Only the pictures should be left out; repeat the rest of the data exactly.

Start of Data block

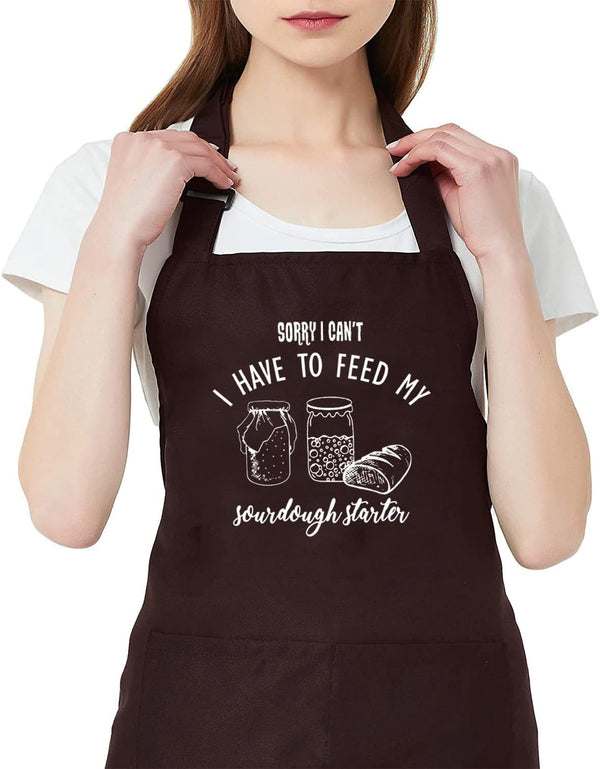 Waterproof Baking Baker Apron for Women and Men, Sourdough Bread Lover Gift with 2 Pockets for BBQ Kitchen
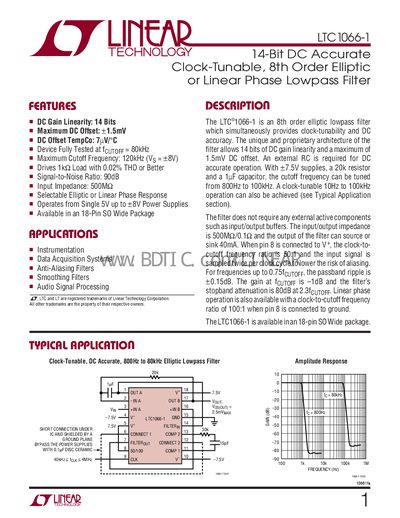 Linear Technology LTC1066-1 Lowpass Filter Datasheet - cover page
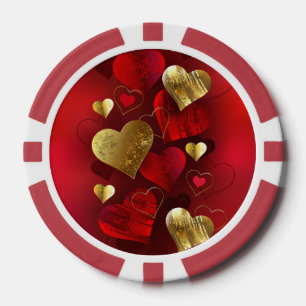 Goldene und rote Valentine Pokerchips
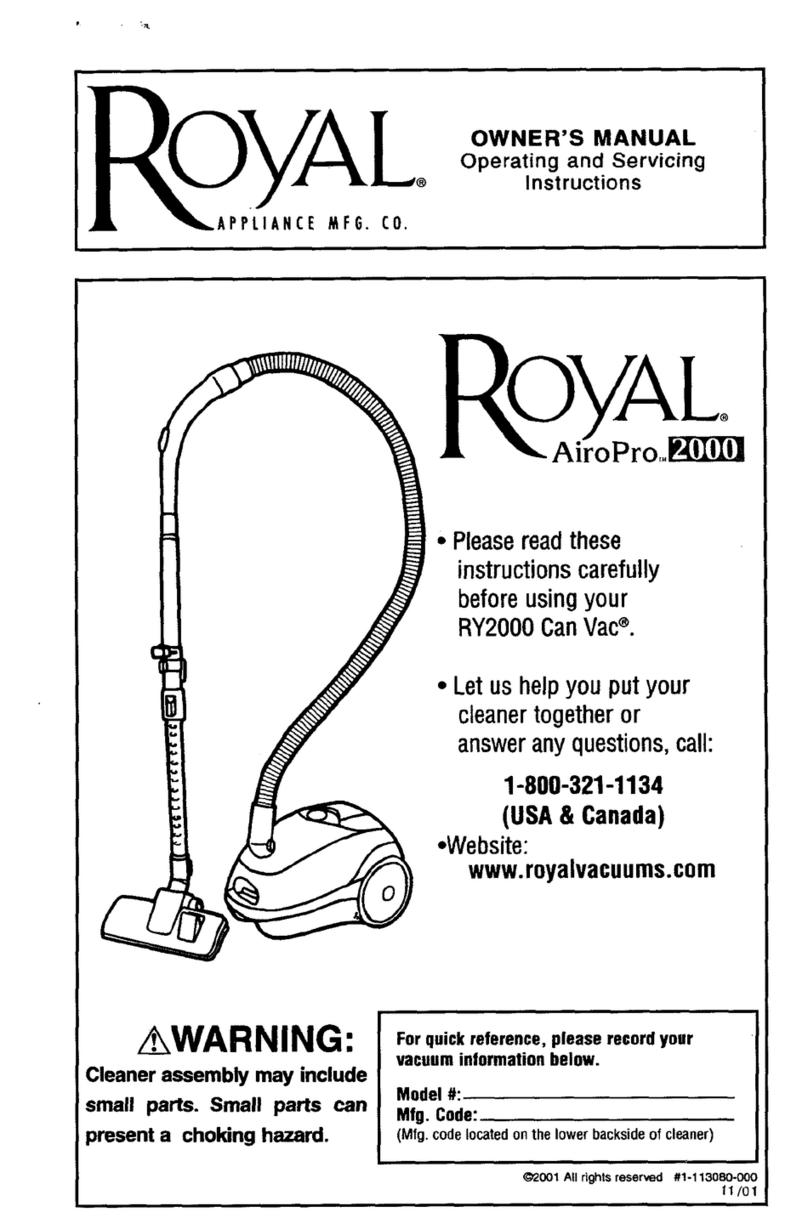 Royal Appliance AiroPro 2000 owner's manual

End of Data block

▶ Response box
 Waterproof Baking Baker Apron for Women and Men, Sourdough Bread Lover Gift with 2 Pockets for BBQ Kitchen
 Linear Technology LTC1066-1 Lowpass Filter Datasheet - cover page
 Goldene und rote Valentine Pokerchips
 Royal Appliance AiroPro 2000 owner's manual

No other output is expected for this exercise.